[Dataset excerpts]
++++++++++
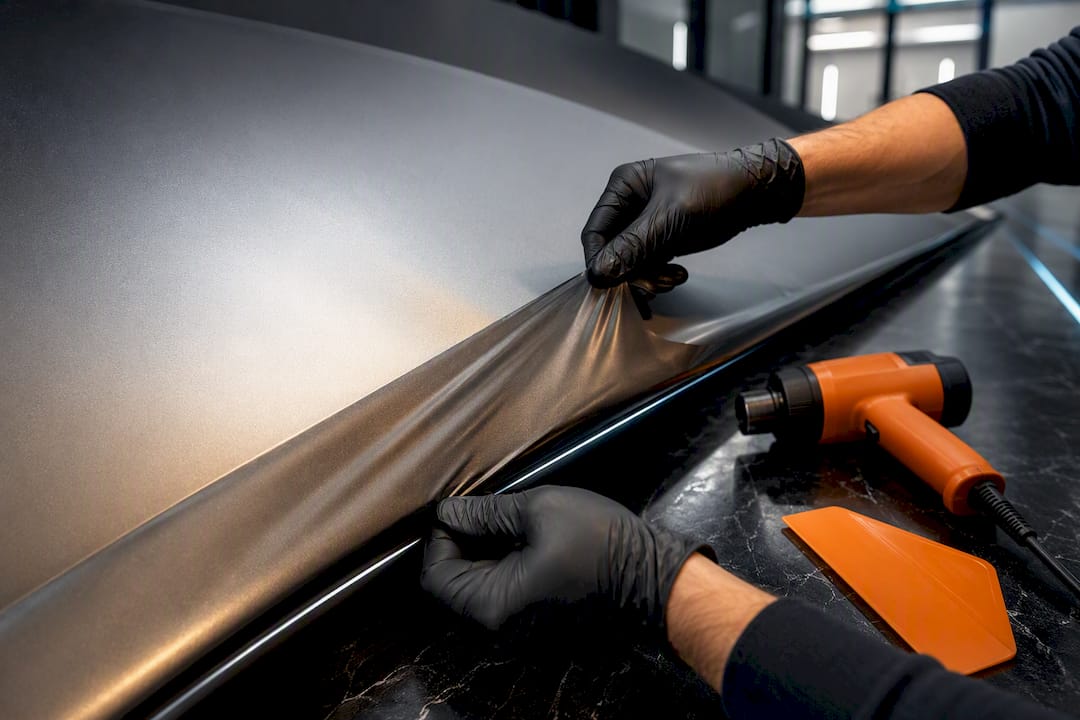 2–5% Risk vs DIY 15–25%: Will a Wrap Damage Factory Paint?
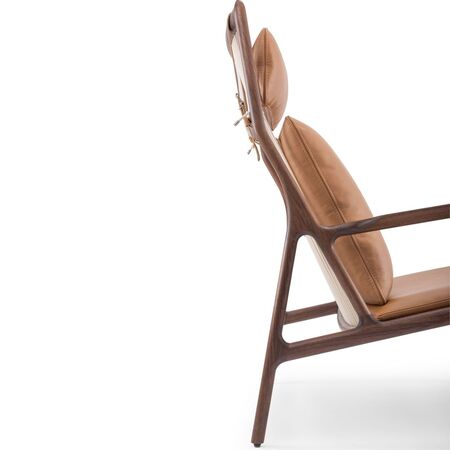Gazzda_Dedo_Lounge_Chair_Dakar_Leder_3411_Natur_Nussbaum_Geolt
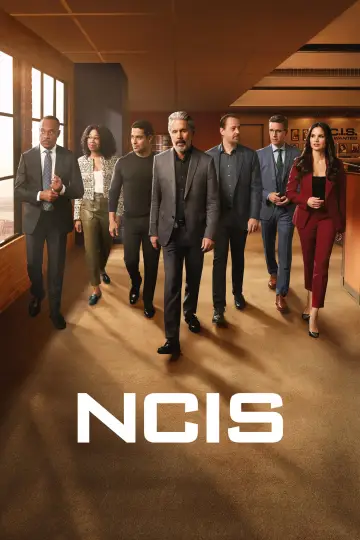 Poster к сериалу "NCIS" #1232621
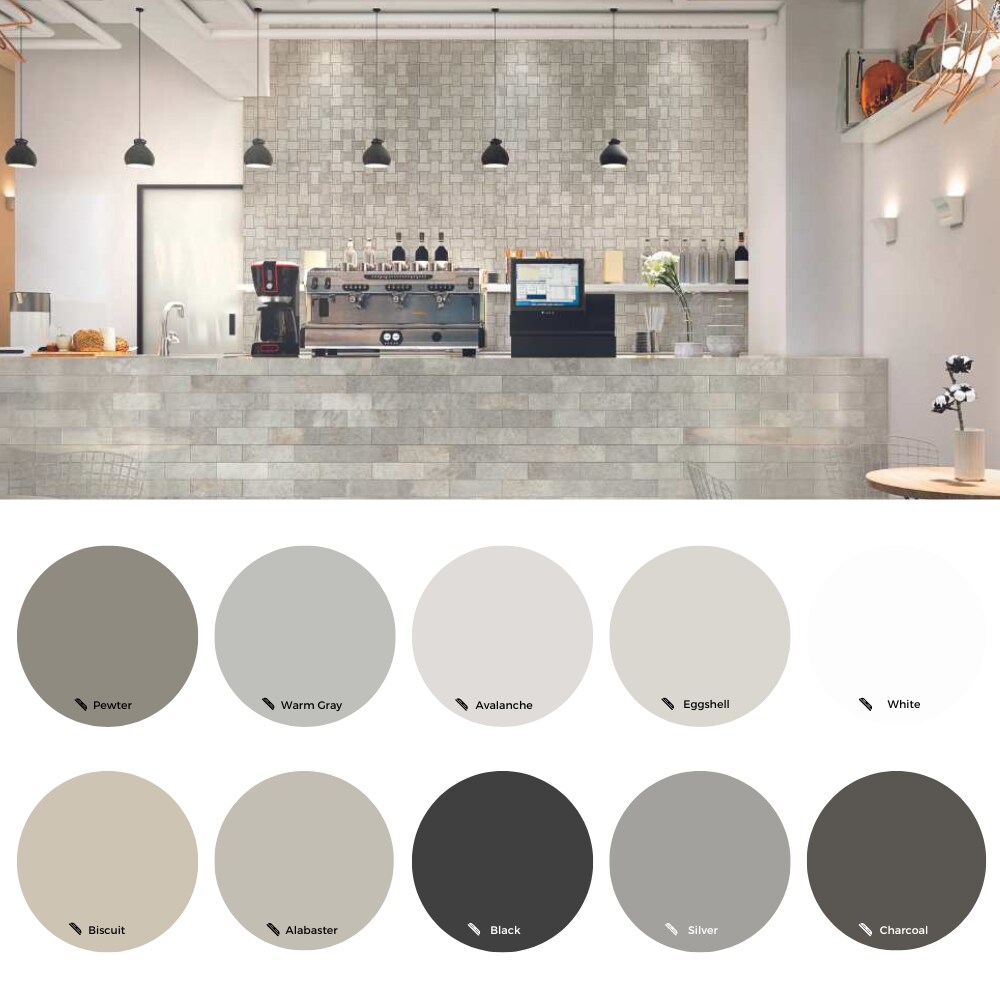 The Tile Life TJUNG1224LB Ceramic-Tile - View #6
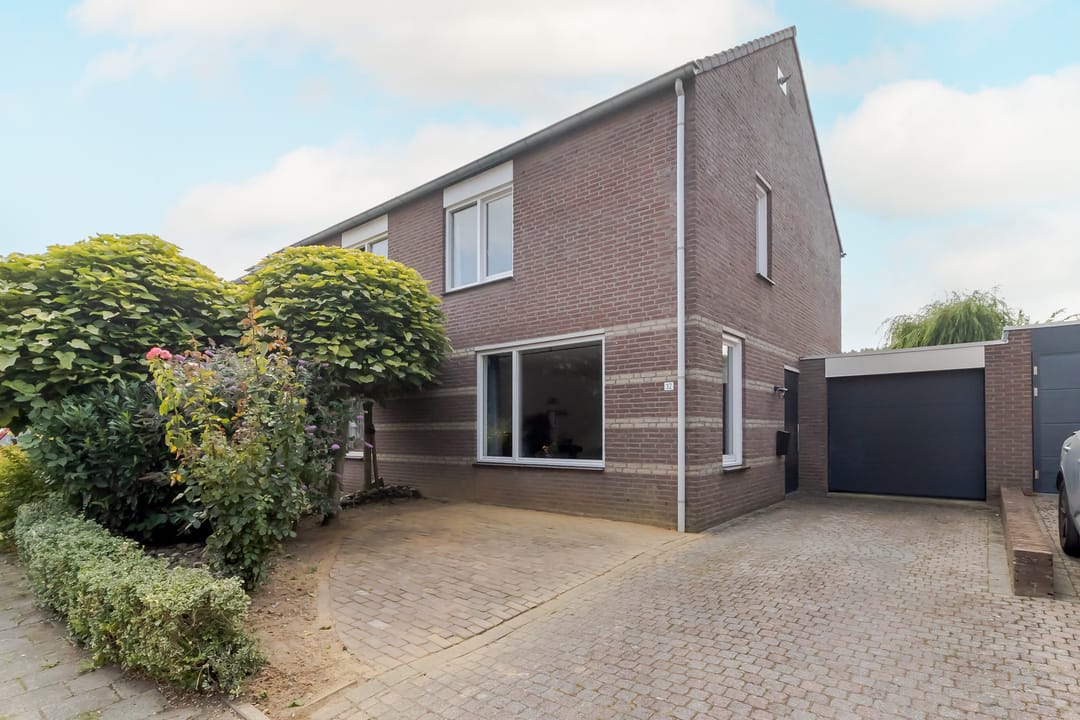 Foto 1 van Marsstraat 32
++++++++++
## Your objective
Starting at the line that contains "Gazzda_Dedo_Lounge_Chair_Dakar_Leder_3411_Natur_Nussbaum_Geolt", return every line through the end of the records above exactly as written, and return no pictures.

## Answer box
Gazzda_Dedo_Lounge_Chair_Dakar_Leder_3411_Natur_Nussbaum_Geolt
 Poster к сериалу "NCIS" #1232621
 The Tile Life TJUNG1224LB Ceramic-Tile - View #6
 Foto 1 van Marsstraat 32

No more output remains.